Историческое повествование Чандлера отлично встраивается в схему анализа, разработанную Коузом и Хайеком. Хотя Чандлер проводит различие между сокращением трансакционных издержек и улучшением координации потоков сырья и продукции, на самом деле это одно и то же. Когда появилась новая сложная технология производства, требовавшая замысловатой хореографии и точного согласования во времени, осуществлять координацию только через рынок стало невозможно: трансакционные издержки на заключение всех необходимых договоров (в особенности стоимость потерянного времени) просто погубили бы все предприятие[87 - См. James R. Beniger, The Control Revolution: Technological and Economic Origins of the Information Society (Cambridge, Mass.: Harvard University Press, 1986). Бениджер детально описывает, как сложность новой промышленной экономики форсировала «кризис управляемости», в ответ на который возникла формалистичная бюрократическая администрация.]. Поэтому централизация управления в рамках одной многофункциональной фирмы была адекватным ответом на возникшую проблему. Иными словами, ценность конкретной информации, воплощенной в новой технологии массового производства, перевесила любые потери от закрытия доступа к другой информации, так что централизация имела смысл.

Централизация, однако, не стала панацеей; тяжкое бремя сопутствующих ей иерархических издержек не выпускает ее за определенные границы. В этом отношении Чандлер высказывается совершенно недвусмысленно. Он утверждает: «В тех секторах и отраслях, где технология не принесла резкого увеличения объема производства и где рынки остались небольшими и специализированными, административная координация редко оказывалась более прибыльной, чем рыночная»[88 - Chandler, The Visible Hand, 8.].
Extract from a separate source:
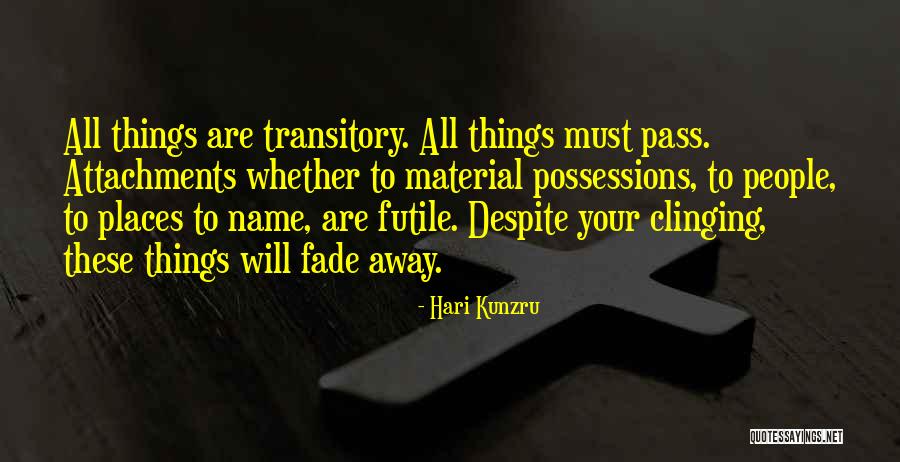 Name Places Quotes By Hari Kunzru Name Places Quotes By Hari Kunzru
Между тем все фирмы – и большие, и малые – остаются порождениями более широкого рыночного порядка. Быстрый рост технологических и организационных знаний, составляющий суть промышленной революции, сделал возможным появление нового порядка – сознательно созданного, централизованно управляемого порядка крупного предприятия. Но, при всей внушительности этого достижения, новый вид корпоративного порядка остается предельно простым по сравнению с большой системой, внутри которой он существует. Централизованное управление предприятием заключается главным образом в достаточно эффективном применении особых знаний (таких, как определенные производственные методы или определенная стратегия развития). Но более масштабный, всеобъемлющий порядок рынка по-прежнему решает невообразимо более сложные задачи: определяет относительную ценность различных совокупностей знаний и согласовывает их с ситуационными знаниями миллионов потребителей, что позволяет осуществлять логически последовательное планирование на уровне отдельного предприятия и достигать общей слаженности на уровне системы в целом.

* * *

Точно так же как предприятие действует в рамках более широкого экономического порядка рынка, так и сама рыночная система расположена внутри более широкого политического порядка. Ставить знак равенства между свободой рынков и полным отсутствием государства – грубая ошибка. Напротив, рынки могут функционировать надлежащим образом только благодаря институтам, создаваемым и поддерживаемым государством.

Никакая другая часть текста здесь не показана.